The letter from Hidalgo, Menefee and Turner asserts that sending inspectors is meant to “disrupt election processes.”
“These actions appear designed to chill voters’ trust in the election process in Harris County, and to disrupt and intimidate local election workers as they execute their duties to ensure the 2022 election is ‘smooth and secure,'” the letter reads, referencing the then-Texas secretary of state’s description of the 2020 election.
Quorum Report’s Scott Braddock first reported that Scott and Paxton were sending officials to monitor Harris County election procedures. The announcement from Scott and Paxton comes amid an ongoing audit of Harris County and three other counties’ 2020 election results.
Chad Ennis, director of the Texas Secretary of State’s Forensic Audit Division, informed Harris County Elections Administrator Clifford Tatum of impending inspections from the secretary of state and AG’s office in a letter sent Tuesday.
Ennis wrote that his office will be sending “a contingent of inspectors to the county to observe Central Count during the November 2022 election to ensure that Harris County establishes appropriate procedures and follows them.”

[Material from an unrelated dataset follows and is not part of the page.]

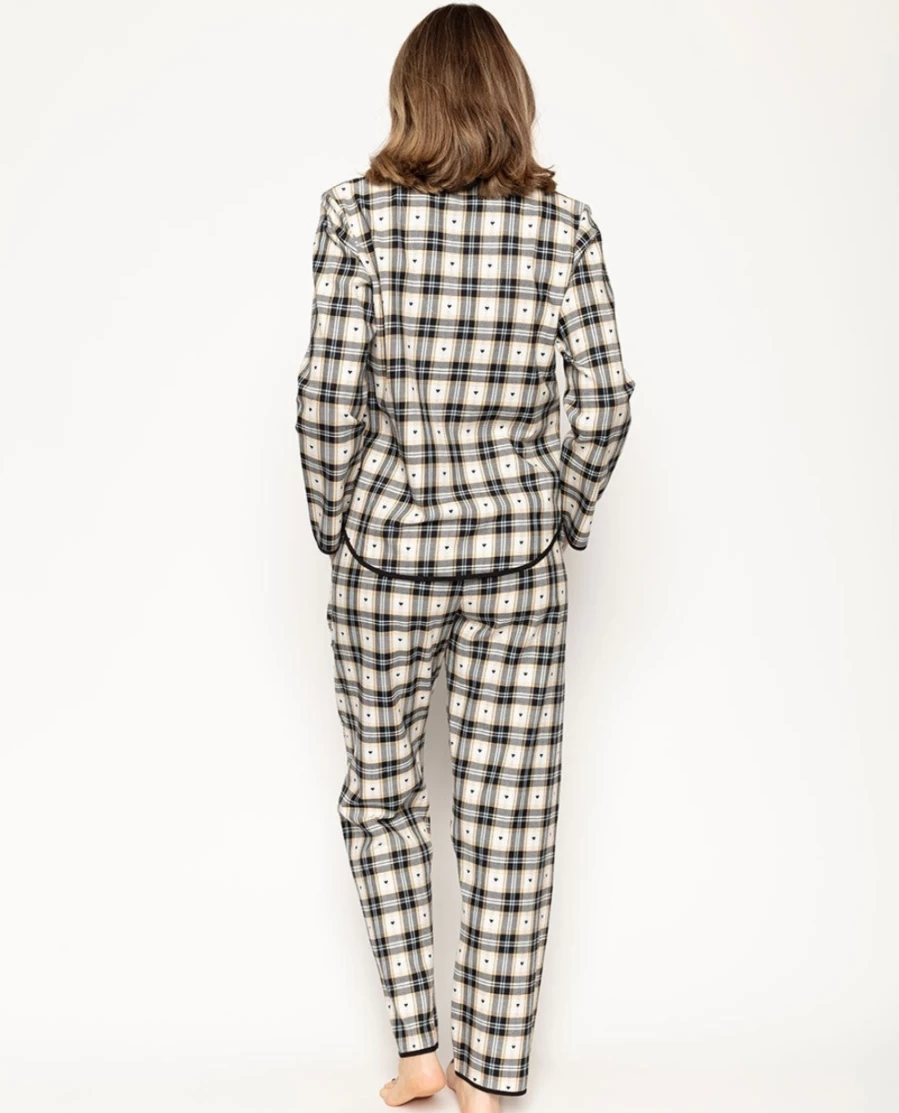 Cyberjammies Women's Beth Heart Dobby Check Pajama Set - Floral Print Sleepwear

Paxton’s office will also “dispatch a task force to Harris County that will be available at all times during the election period in order to immediately respond to any legal issues identified by Secretary of State, inspectors, poll watchers, or voters,” Ennis said in Tuesday’s letter.
These actions from the secretary of state and AG’s offices are a response to a list of alleged issues concerning Harris County’s management of “mobile ballot boxes” outlined by Ennis in the letter. Mobile ballot boxes are the electronic devices on which votes cast electronically are tallied.
The integrity of electronic voting tallies has been a top target of scrutiny for former President Donald Trump and his conservative allies who claim that voter fraud robbed Trump of a victory. There is no evidence of widespread fraud, vandalism or theft occurring as a result of electronic tabulation of votes nor as a result of drop box usage. AG Paxton was amongst the first state attorneys general to sue the federal government in an attempt to overturn the election based on unfounded claims of widespread voter fraud.